Wednesday, August 15, 2012

A PEG Parser Generator for Vim

Barry Arthur
v1.2, August 15, 2012
v1.1, October 10, 2011

What is VimPEG?

VimPEG is a Parser Generator which uses the newer Parsing Expression Grammar formalism to specify parse rules.

Why VimPEG?

Vim is a powerful editor. It has lots of features baked right in to make it an editor most awesome. It has a deliciously potent regular expression engine, jaw-dropping text-object manipulations, and fabulous scriptability -- just to name a few of its aces.

One thing our little Vim still lacks, though, is an actual parser. Regular expressions will only get you so far when you're trying to analyse and understand complex chunks of text. If your text is inherently infinite or recursive, then regular expressions become at best combersome, and at worst, useless.

So, Vim needs a parser. I've needed one myself several times when wanting to build a new plugin:
Awesome! This idea will so rock! Now all I need to do is parse <SomeLanguage> and I'll be able to... awww... :-(
I've seen people ask on #vim: How can I <DoSomethingThatNeedsAParser>? And invariably the answer is: You can't. Not easily, anyway. Vimscript is a capable enough language to write your own parser in, but a little alien to most to do so.

You could also use one of the many language bindings that Vim comes bundled with these days to use a parser library in your favourite scripting language. The problem being that your code will only then run on a similarly compiled Vim (not everyone enables these extra language bindings) and with your parser library dependencies.

Beyond those two options, the world of parsing in Vim is quite scant. There exist a small handful of purpose-built recursive descent parsers that target a specific task (like parsing json), but for the general case -- a parser-generator -- you're out of luck. Until now. VimPEG aims to solve this problem.

VimPEG aims to be a 100% VimL solution to your parsing needs.

What would I use VimPEG for?

  • You've come to that paralysing sinkhole in your Vimming when you've said to yourself, "Damn... I wish Vim had a parser."
  • You've asked for something on #vim and the reply is "you can't do that because Vim doesn't have a parser."
  • You're up to your neck in recklessly recursive regexes.

Some ideas:

  • An expression calculator (the beginnings of which we explore here.)
  • Expanding tokens in typed text (think: snippets, abbrevs, maps.)
  • Semantic analysis of code -- for refactoring, reindenting (but sadly not syntax highlighting yet.)
  • C Code bifurcation based on #define values -- want to see what the code would look like with #define DEBUG disabled?
  • Coffeescript for Vim -- sugar-coating some of the uglies in VimL -- this example will be presented in a subsequent VimPEG article.

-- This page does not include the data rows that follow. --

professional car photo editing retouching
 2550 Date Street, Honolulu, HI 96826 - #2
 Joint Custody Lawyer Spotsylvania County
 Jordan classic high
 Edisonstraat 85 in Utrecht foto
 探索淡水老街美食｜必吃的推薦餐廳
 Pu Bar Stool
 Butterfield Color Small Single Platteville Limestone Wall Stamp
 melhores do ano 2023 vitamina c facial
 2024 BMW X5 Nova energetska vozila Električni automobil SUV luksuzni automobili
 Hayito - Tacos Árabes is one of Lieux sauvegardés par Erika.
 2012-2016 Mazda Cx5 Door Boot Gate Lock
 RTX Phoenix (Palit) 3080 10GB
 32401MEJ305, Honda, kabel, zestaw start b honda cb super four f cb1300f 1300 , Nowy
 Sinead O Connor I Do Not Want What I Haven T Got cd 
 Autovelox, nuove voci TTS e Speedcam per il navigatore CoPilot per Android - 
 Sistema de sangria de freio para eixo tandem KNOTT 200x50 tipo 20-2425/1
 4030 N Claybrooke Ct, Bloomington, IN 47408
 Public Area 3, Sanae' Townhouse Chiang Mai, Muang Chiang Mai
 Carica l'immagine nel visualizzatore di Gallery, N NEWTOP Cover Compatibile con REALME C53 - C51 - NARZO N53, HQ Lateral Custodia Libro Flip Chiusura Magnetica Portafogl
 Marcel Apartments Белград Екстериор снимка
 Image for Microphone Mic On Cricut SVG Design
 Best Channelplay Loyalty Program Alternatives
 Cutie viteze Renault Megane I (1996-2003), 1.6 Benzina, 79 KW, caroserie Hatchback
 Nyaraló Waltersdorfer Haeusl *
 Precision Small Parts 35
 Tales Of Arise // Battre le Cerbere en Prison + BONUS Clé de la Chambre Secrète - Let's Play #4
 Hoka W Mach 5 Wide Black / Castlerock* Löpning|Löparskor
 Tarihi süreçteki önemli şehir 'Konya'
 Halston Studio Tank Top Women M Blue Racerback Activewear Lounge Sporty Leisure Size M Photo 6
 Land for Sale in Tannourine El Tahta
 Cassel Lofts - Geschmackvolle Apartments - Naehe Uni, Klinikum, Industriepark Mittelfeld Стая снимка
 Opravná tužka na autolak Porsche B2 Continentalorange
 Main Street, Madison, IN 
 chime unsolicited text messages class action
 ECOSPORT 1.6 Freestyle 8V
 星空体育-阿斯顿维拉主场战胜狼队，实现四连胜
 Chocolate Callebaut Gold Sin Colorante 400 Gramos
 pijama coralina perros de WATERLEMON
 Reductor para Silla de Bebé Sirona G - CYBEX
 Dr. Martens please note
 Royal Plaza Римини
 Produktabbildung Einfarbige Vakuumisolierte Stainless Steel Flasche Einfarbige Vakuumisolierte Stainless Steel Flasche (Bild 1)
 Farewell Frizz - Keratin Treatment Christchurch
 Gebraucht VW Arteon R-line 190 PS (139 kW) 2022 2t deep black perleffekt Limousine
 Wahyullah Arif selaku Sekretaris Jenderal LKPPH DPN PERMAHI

In fact, most of these ideas have been explored in part inside the examples/ directory of the VimPEG plugin.

For the purposes of introducing VimPEG and parsing in general (if you're new to it), let's consider a fairly easy example of reading and understanding (perhaps calculating) a sum series of integers. They look like this:

    1 + 2 + 12 + 34

NOTE: Vim can already do this for you, so writing a parser for it here is purely pedagogical -- it's a simple enough example without being utterly devoid of educational value. I hope.

The list can be any (reasonable) length, from a single integer upwards. So, this is a valid input to our parser:


As are all of the following:

    1 + 2
    3 + 4 + 5
    123 + 456 + 789

Stop. Right now. And think: How would you parse such an arbitrarily long series of integers separated by + operators? What tool would you reach for? What if you had to do it in Vim? And :echo eval('1 + 2 + 3') is cheating. :-p

We'll continue to use this example throughout this article and eventually show you how VimPEG solves this little parsing requirement.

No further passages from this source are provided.